Nous reproduisons l’intrevention que Dario Lopreno a faite lors de l’après-midi de formation et de discussion organisé le 24 novembre dernier par le Cercle la brèche. Ce texte, qui sera publié en trois parties, offre les arguments et les éléments de compréhension nécessaire pour asseoir les convictions de conduire un référendum. Afin de donner une « profondeur historique » aux révisions de cette loi, nous renvoyons à l’article de Dario Lopreno Politique d’asile: la descente aux enfers que nous avons repris sur ce blog.
Cercle la brèche

Par Dario Lopreno

Les grands points du référendum[1]

Les nouvelles dispositions se décomposent ainsi:

  • Suppression des procédures d’asile dans les ambassades. Elles permettent l’entrée légale en Suisse de certaines parmi les personnes les plus menacées. Dorénavant, elles devront aussi tenter d’accéder illégalement à l’Europe, à la merci des réseaux et aléas dramatiques des routes migratoires (selon Migreurop, depuis 20 ans en moyenne 2 à 3 personnes périssent chaque jour en tentant de venir en Europe, soit quelque 17’000 morts). La procédure d’ambassade permet à un petit nombre de personnes d’éviter ces dangers (d’après l’Office fédéral des migrations – ODM, de 2003 à 2011, en moyenne 2970 demandes par an ont été déposées dans les ambassades ; environ 9/10 de ces demandes seraient écartées par non-entrée en matière [2]). Nous avons donc affaire à une restriction quantitativement insignifiante bien que très grave pour les personnes concernées, mais symboliquement importante, et de fait déjà appliquée par les ambassades de Khartoum (majorité de demandes d’Érythréens) et du Caire (majorité d’Irakiens) notamment [3].
  • Suppression de la désertion comme motif d’asile. Des jeunes refusant de servir des dictatures seront sans protection. Les Érythréens, par exemple et actuellement principalement, du fait de leur refus de servir la dictature militaire de longues années durant, s’exposent à des détentions arbitraires et à des tortures, ce refus étant considéré par le régime comme un acte d’opposition politique des plus graves.
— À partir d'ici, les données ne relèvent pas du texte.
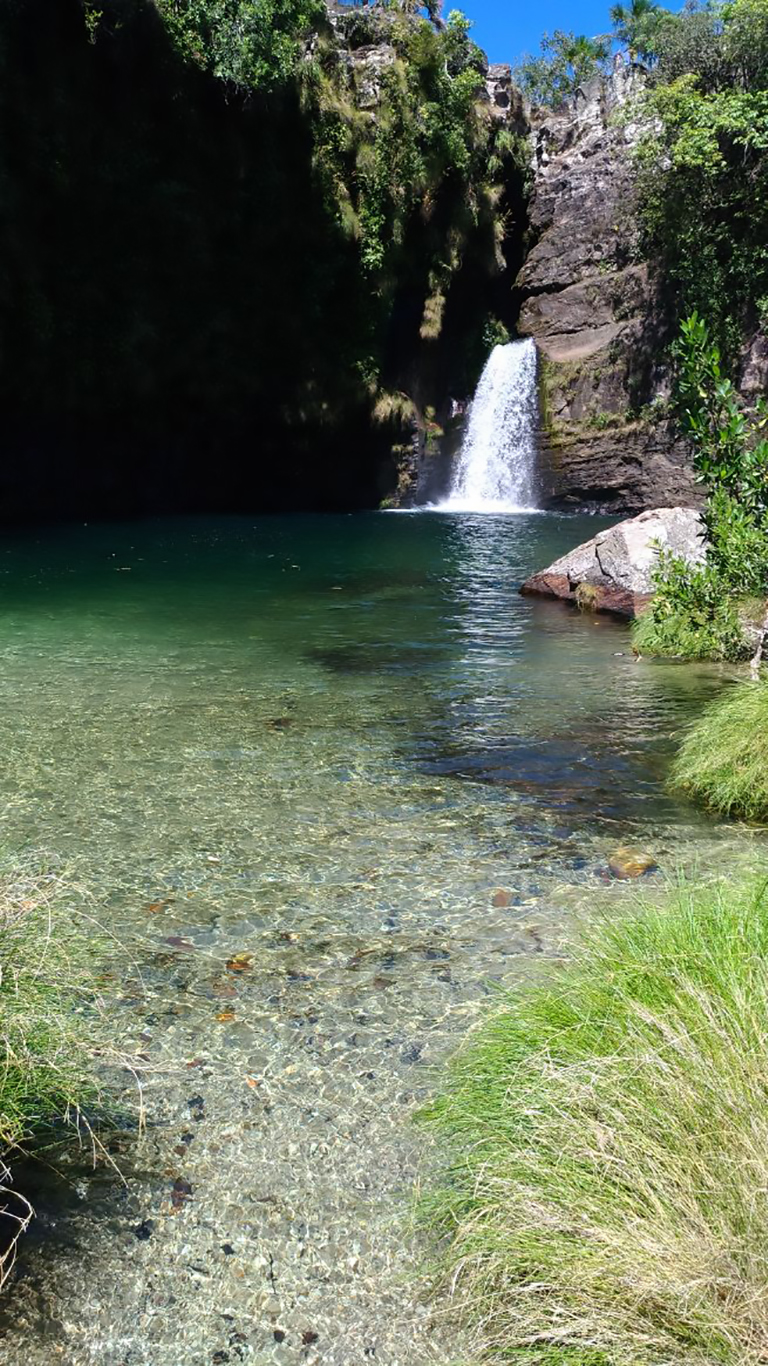 Cachoeira do garimpão ou saltos do rio preto de 80 metros.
Cette modification de la LAsi viole, selon le Haut commissariat aux réfugiés (HCR), la convention de 1951 sur les réfugiés [4]. Sa dureté réside aussi dans le fait qu’elle est une réaction du politique contre l’indépendance de la justice, pour annihiler une décision du Tribunal administratif fédéral (TAF) de 2005 reconnaissant – conformément à l’interprétation du HCR – que les Érythréens objecteurs de conscience ou déserteurs sont exposés à des risques trop graves et qu’ils doivent être considérés comme des réfugiés politiques [5].
  • Centres spécifiques de détention sans motif ni jugement ; ce sont des camps d’internement ; cette mesure revient en fait à une extension des mesures liberticides de contraintes. La mesure urgente prévoit des centres spécifiques où sont envoyé ceux qui n’ont commis aucun délit, mais dont le comportement ne plaît pas aux gestionnaires de l’asile. Dans le débat parlementaire, certains ont parlé de camps d’internement fermés. Le « centre spécifique » est un premier pas vers le projet de l’UDC qui a déjà annoncé le lancement d’une initiative pour des camps d’internement pour tous les demandeurs d’asile. Désormais, la notion de « récalcitrant », non définie, vient allonger la liste du processus de criminalisation du requérant d’asile qui pourra être enfermé sans décision écrite ni contrôle judiciaire.
  • Procédures d’asile dérogeant à la loi. Le parlement autorise le Conseil fédéral à expérimenter des procédures tests, sans base légale, en dérogation à la loi sur l’asile. Cette dérogation est contraire à la séparation des pouvoirs et au fonctionnement démocratique des institutions. Une mesure-test a d’ores et déjà été annoncée, la réduction des délais de recours à une peau de chagrin, passant de 30 à 10 jours pour un nombre encore indéfini de demandeurs d’asile, sachant qu’il est plus que difficile de recourir contre une décision en 10 jours pour quelqu’un qui ne maîtrise pas la langue et qui ignore nos lois.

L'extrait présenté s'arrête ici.